Due elementi lontani dal cambiamento “radicale” richiesto dall’attuale scenario globale.
Il Fondo monetario internazionale (Fmi) stima che, riducendo le barriere interne al livello degli Stati Uniti, la produttività europea potrebbe crescere del 7 per cento in sette anni.
"Alcuni speravano che la durezza delle politiche Usa avrebbe spinto l’Europa a reagire, ma così non è stato", ha spiegato Pierre Jaillet dell’Iris.
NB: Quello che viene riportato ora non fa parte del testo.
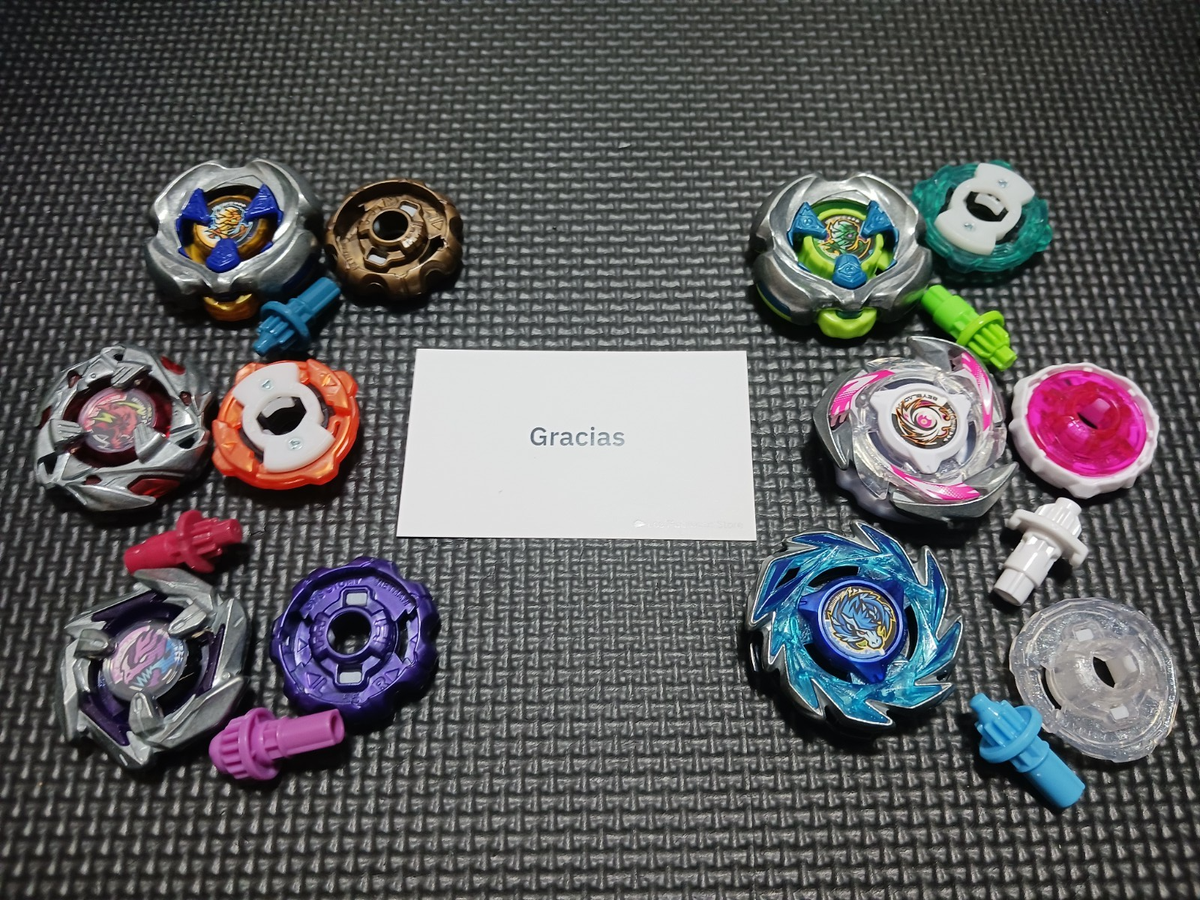 FULL SET beyblade x Random Booster Vol. 8 UX-18 | eBay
La dichiarazione commerciale congiunta Usa-Ue del 21 agosto, secondo Jaillet, ha protetto solo gli interessi minimi delle potenze industriali europee, senza configurare una vera strategia verso Washington.
"La Ue rischia un ricatto da parte di Washington, vista la necessità di mantenere il sostegno Usa all’Ucraina. Ma non può essere una scusa per restare inerti. Più aspettiamo a diversificare i rapporti commerciali e a rimuovere barriere interne, più rischiamo di cadere nell’abisso", ha rincarato Andrea Renda del Centre for European Policy Studies (Ceps).
Finora, l’Unione si è limitata a dichiarazioni e a ridurre oneri burocratici, con scarsi progressi sulle riforme strutturali. "Soprattutto, la governance resta ignorata: serve molta più Europa e un sistema decisionale più agile per sfruttare appieno il potenziale dell’Unione", ha concluso Renda.